Step 6 – Insulin resistance leads to elevated blood sugar (Pre-diabetes)
In insulin resistance, cells become less responsive to insulin signals, particularly muscle, fat, and liver cells. Typically, insulin facilitates glucose uptake into these cells by promoting the translocation of glucose transporter proteins, such as GLUT4, to the cell membrane. However, this process is impaired in insulin resistance, resulting in reduced glucose uptake by cells, particularly in muscle and fat tissues. Consequently, less glucose is taken from the bloodstream and sent into cells for energy use.
Step 7 – Pancreas goes on over-drive and ultimately fails (Diabetes)
Initially, the body attempts to compensate for insulin resistance by producing more insulin (hyperinsulinemia) to overcome the decreased responsiveness of cells.
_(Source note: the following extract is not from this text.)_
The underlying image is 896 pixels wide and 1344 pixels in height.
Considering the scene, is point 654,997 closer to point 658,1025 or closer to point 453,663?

This compensatory mechanism helps maintain relatively normal blood sugar levels in the early stages of insulin resistance. However, over time, the pancreas may fail to sustain this increased insulin secretion, leading to a decline in insulin production and exacerbating hyperglycemia.
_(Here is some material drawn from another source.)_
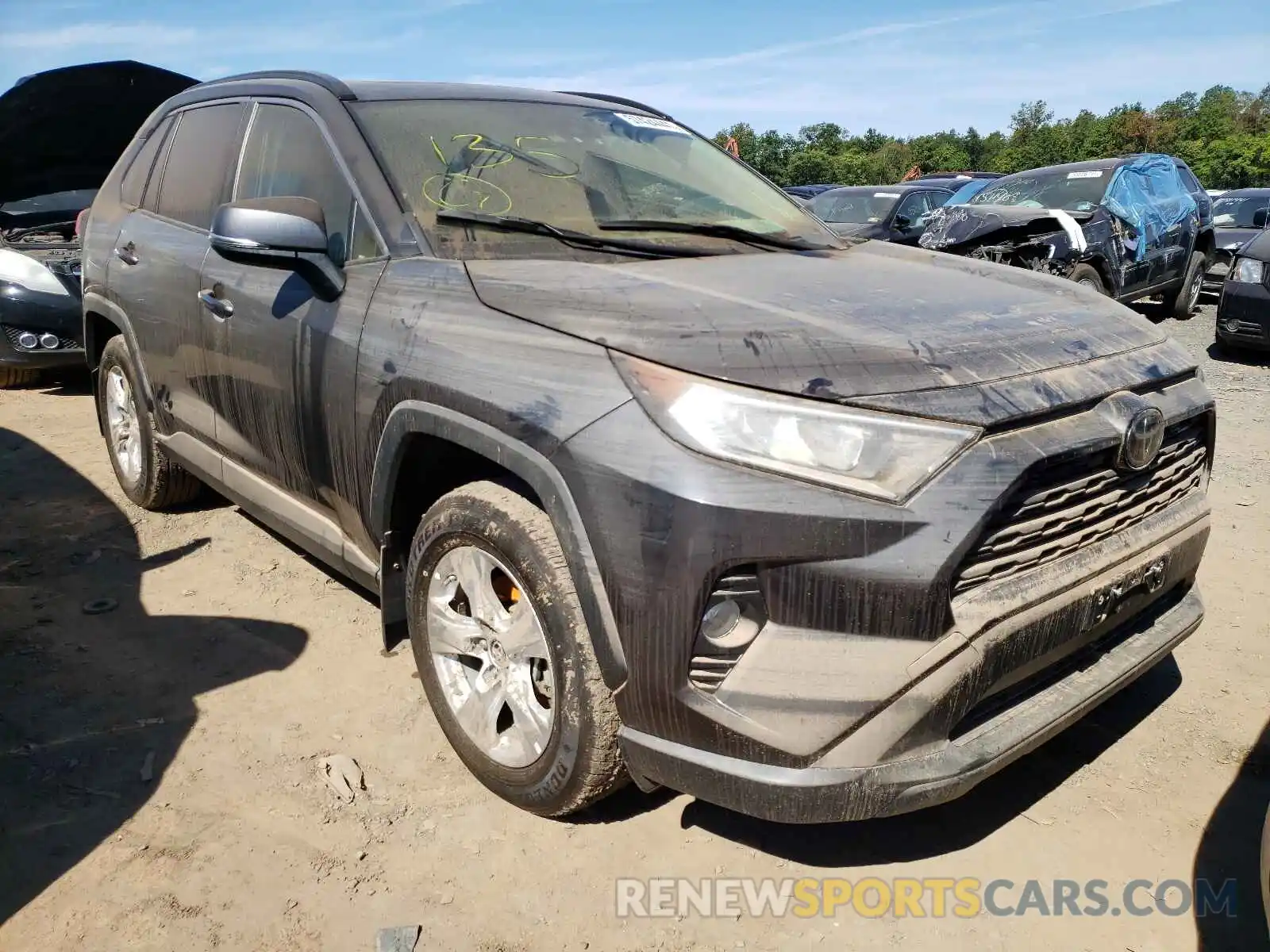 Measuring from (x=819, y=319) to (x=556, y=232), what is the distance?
2.92 ft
Breath analysis, an easy and reliable monitoring tool for metabolic function.
As described in the 7-step process above, the fundamental consequence that unilaterally describes metabolic dysfunction is the cells’ inability to metabolize glucose and instead favors nutrient storage overutilization for energy production. Simply put, when consuming food, metabolic impaired individuals store it instead of using it to power the body. Measuring the Respiratory Exchange Ratio (RER), the balance between carbon dioxide production over oxygen consumption during the post-prandial state (i.e., after a meal), is perhaps the easiest and most reliable method for understanding whether our cells can utilize the food we consume. In metabolically healthy individuals, the respiratory exchange ratio will rise precipitously after food consumption, indicating that cells absorb and use the nutrients ingested. Conversely, in metabolically compromised individuals, RER will exhibit a blunt increase, indicating that nutrients cannot enter cells, get oxidized, and produce carbon dioxide that would otherwise cause RER to rise. Breath analysis not only provides a direct measure of the fundamental mechanism defining metabolic dysfunction but also constitutes a non-invasive and easy assessment. This is in contrast to traditionally used methods such as the euglycemic insulin clamp, which requires trained medical professionals to perform blood analysis and be present at a medical facility.